## TASK STATEMENT
Restate, word for word and with no pictures, the stretch of lines in the data below that begins at the line with "Apartments Ratko Tucepi Luaran gambar" and ends at the line with "Play MP4 - Mi", inclusive.

[DATASET RECORDS — start]

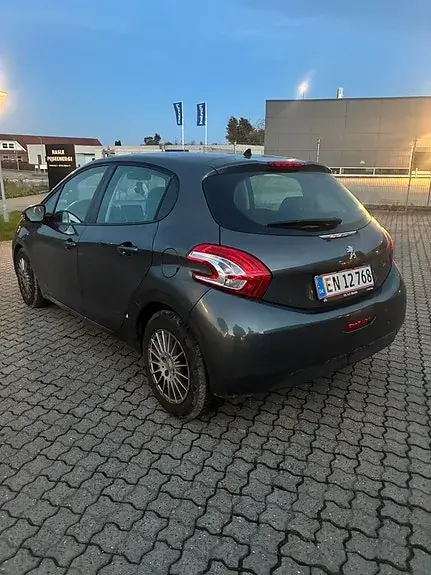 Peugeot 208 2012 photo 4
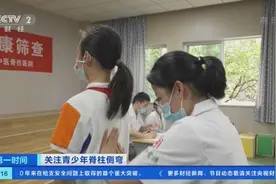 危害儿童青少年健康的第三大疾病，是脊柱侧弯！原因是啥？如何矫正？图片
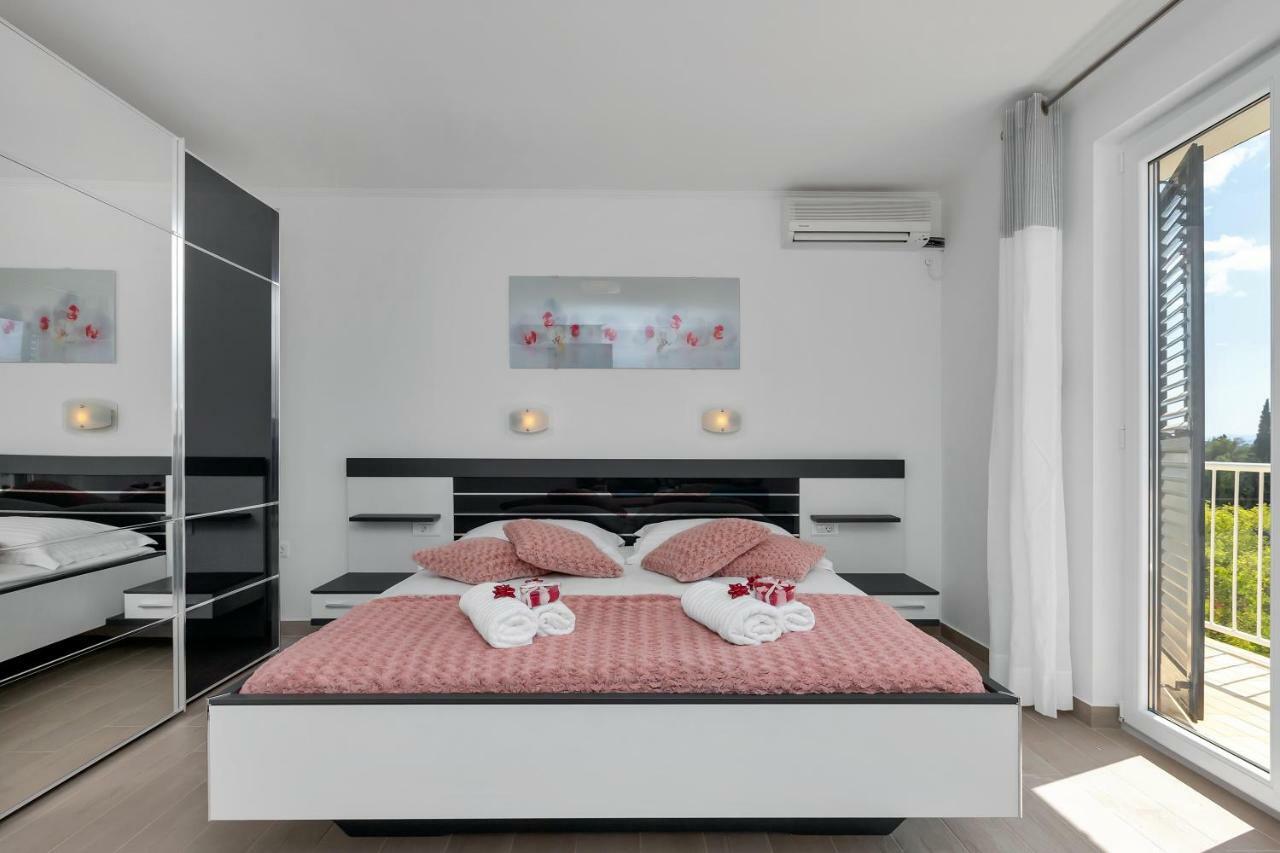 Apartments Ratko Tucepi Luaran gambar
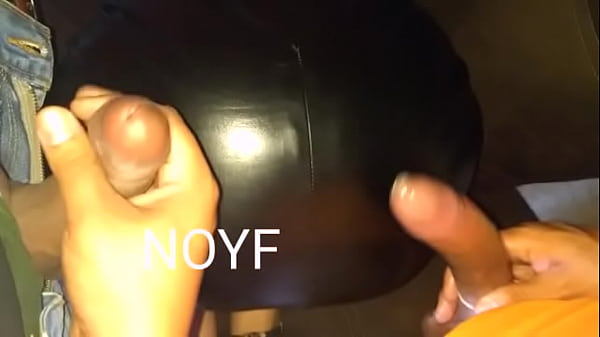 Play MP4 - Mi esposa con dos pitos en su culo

[DATASET RECORDS — finish]
[DATASET RECORDS — start]

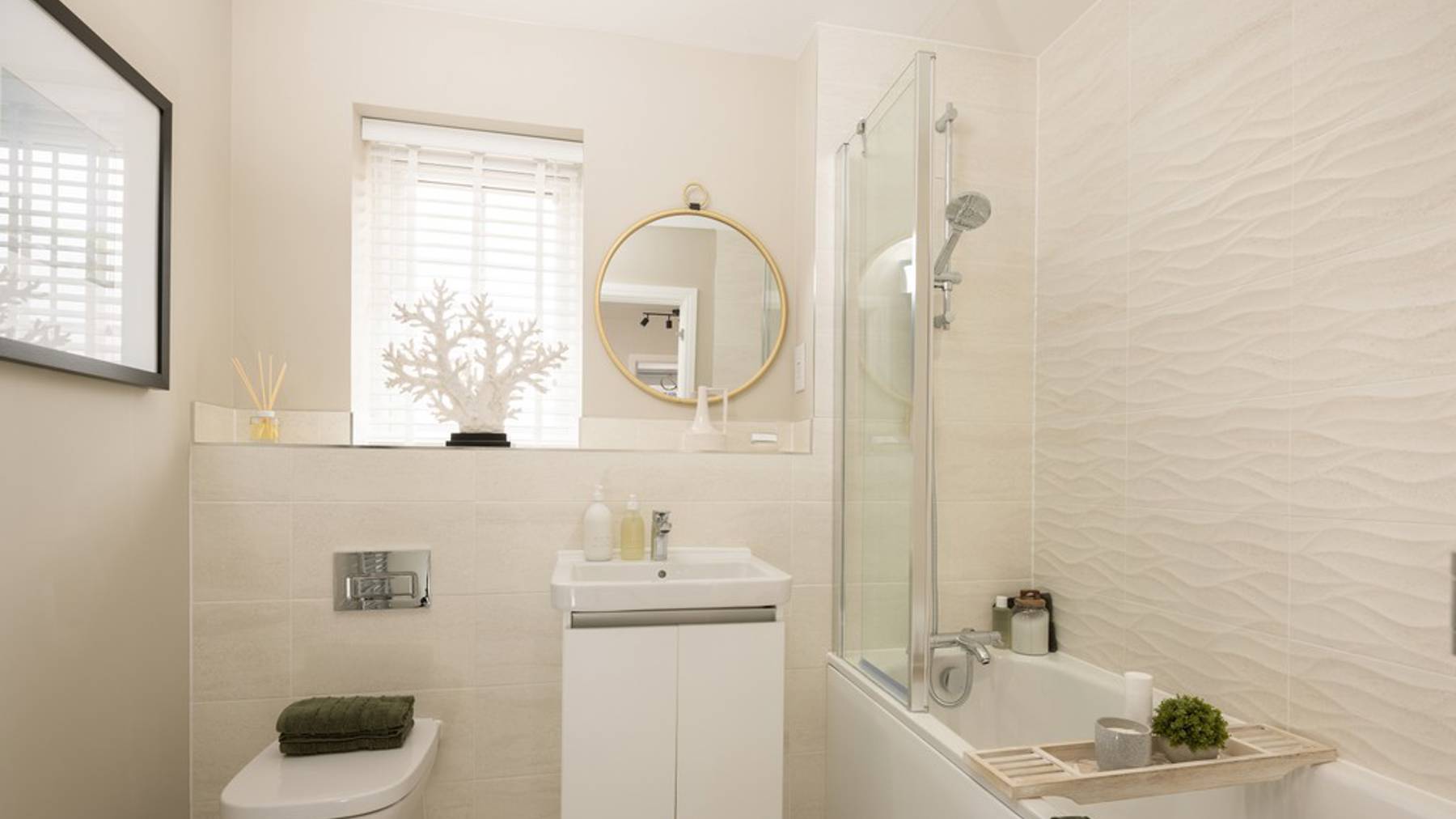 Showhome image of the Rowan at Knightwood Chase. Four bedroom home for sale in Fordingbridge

[DATASET RECORDS — finish]

## WRITTEN SOLUTION
 Apartments Ratko Tucepi Luaran gambar
 Play MP4 - Mi esposa con dos pitos en su culo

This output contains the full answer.